10. Termination Rights

Each party may choose to terminate the hotel management agreement for a variety of reasons: bankruptcy, fraud, condemnation, unmet performance standards, sale. As hotels are becoming more mainstream assets, owners are getting more mature and vigilant on the conditions for termination and the associated operator fees. Owners can negotiate the right to terminate the contract upon the sale of the hotel to a third party. This clause gives flexibility to the owner or to any potential investor as it allows the owner to realise the investment and sell the hotel unencumbered. The operator is compensated with a termination fee from the owner. The termination fee is usually an amount equal to the average management fees earned by the operator in the preceding two-three years (24 to 36 months) prior to the date of termination, ‘multiplied by’ either (i) the remainder of the term (years/months) or (ii) a multiple of two, three, five or any other as agreed upon. With a more upscale brand, the operator will be more sensitive to not being ‘kicked out’ because they have substantially invested in sales and marketing to create an upscale brand. Operators will also argue that an early termination could be damaging to their brand. Termination without cause allows the owner to terminate the contract without any justification. The termination fee under this provision is normally calculated in a similar method as for the termination upon sale. Termination without cause, or on sale, is more common in contracts with independent operators. The operator performance test mentioned earlier allows the owner to terminate the contract if the operator fails to meet the performance expectations and does not use its cure rights. The testing periods for most performance termination clauses begin three years after the opening of the hotel or the inception of the contract to allow the hotel to reach stabilised operating levels, and the performance failure usually has to persist for two consecutive years.

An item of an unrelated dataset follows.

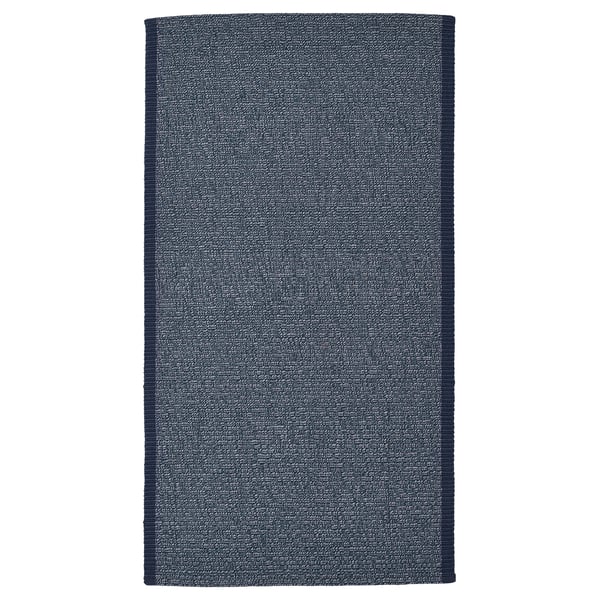 IDROTTSPLATS Rug, flatwoven, blue, 2 ' 7 "x4 ' 11 "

Other causes for termination consist of operator misconduct, condemnation, bankruptcy and default. We should stress here that management contracts without termination on sale provisions obviously reduce flexibility on exit. It is usually worse when the operator has an equity stake in the property. An owner should always look for the most flexible management contract terms that can be negotiated.

Current and Future Trends

While owners have become far more knowledgeable in recent years, major global operators have also become larger and more powerful, particularly given the recent consolidation and mergers and acquisition of hotel operators in the industry, and therefore the reduction in competition has made it more difficult to negotiate with them. It is also reasonable to state that there is a move towards agreements with third-party operators. As the hotel is becoming a more mainstream asset and owners are gaining a better understanding and maturity, third-party operators (TPO) are on the rise. Well established in the US market, this model, relatively new in Europe, is now growing rapidly, bringing more flexibility to owners and allowing them in some instances to defer the responsibility of the staff to the TPO’s balance sheets. A hotel managed by a TPO is very often combined with a franchise for a major hotel brand. Another trend is the emergence of ‘manchises’ and hybrid management contracts, whereby hotel owners engage a hotel operating company for an initial period of time, say three to five years, after which the contract transfers to a franchise contract in which the owner assumes management responsibility and retains the operator’s brand, in exchange of an annual franchise fee payment. To the outside world, there is no apparent change. This is particularly advantageous to help hotel operating companies launch new brands, enabling strict operating controls to be established in the initial years as the brand is going through its ‘ramping up’ period.

Conclusion

Hotel Management contract negotiation can be a long and complex process. This negotiation should satisfy both the operator and the owner to help ensure an effective and trustful relationship between the two parties, while taking into consideration the asset value. On one hand, the operator will require stability in cash flow with a longer-term contract. On the other hand, the owner will primarily look for flexibility from an exit perspective, visibility on the profit and loss of the asset and transparency on the fee structure, and from that goal, the owner may use a third-party operator, which could be more aligned with their interests. The main goal when negotiating is to avoid uncertainty and conflict, and look for clarity and trust in order to maximise each parties’returns. This is critical to ensuring that responsibilities and best practices are met and the business is run successfully.

Note: Please note that the terms mentioned in this article only cover some of the major characteristics of the contract. Today’s management agreements are defined by a variety of formats and level of detail. Some contracts are becoming much more complex and comprise new terms not discussed in this article. It is therefore important to review the contract terms in detail. Each party should be assisted by an external independent legal advisor in order to deal with these complex legal documents.

[1] From a sample of 76 management contracts in Europe with results compiled in the following article: Thadani, Manav, mrics & Mobar, Juie. ‘HVS Hotel Management Contract Survey’. HVS India. August 2014. [2] Isenstadt, Todd & Detlefsen, Hans. ‘Hotel Management Companies and Equity Contributions: Benefits And Risks’. HVS Chicago. August 2014.